Trilinos: Kokkos/Trilinos: Trouble building simple example with lambda with MPI+CUDA build

Created on 19 Sep 2019  路  2Comments  路  Source: trilinos/Trilinos

I'm on master of Trilinos as of now. I'm on Debian with nvcc 9.2.148, g++/gcc 8.3.0, and OpenMPI. Trying to use a build of Trilinos that supports OpenMP, CUDA, and/or OpenMPI.

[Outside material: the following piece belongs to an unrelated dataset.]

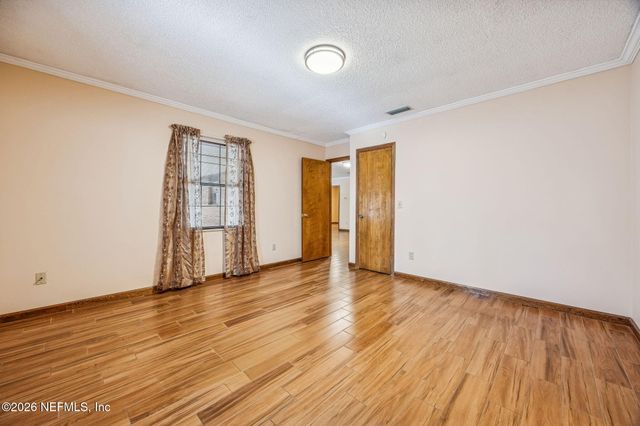 6048 WOODELM Drive, Jacksonville, FL 32218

I'm trying to run a simple example using Kokkos with a lambda like

  Kokkos::parallel_for(15, [=](const int i) {
    std::cout << "Hello from i = " << i << std::endl;
  });

However this gives the following error:

/home/foo/trilinos-install/include/Cuda/Kokkos_Cuda_KernelLaunch.hpp(451): error: The closure type for a lambda ("lambda [](int)->void", defined at /home/foo/code/main.cpp:10) cannot be used in the template argument type of a __global__ function template instantiation, unless the lambda is defined within a __device__ or __global__ function, or the lambda is an 'extended lambda' and the flag --expt-extended-lambda is specified

For the life of me I've tried setting --expt-extended-lambda in many ways but nothing seems to resolve this error. AFAICT the flag truly is getting passed to the compiler, but still running into this issue. Any ideas how to debug this and/or determine if it's a user error or real bug with Trilinos/Kokkos? Does anyone have a working setup that builds an example program against a Trilinos that supports OpenMP, CUDA, and OpenMPI?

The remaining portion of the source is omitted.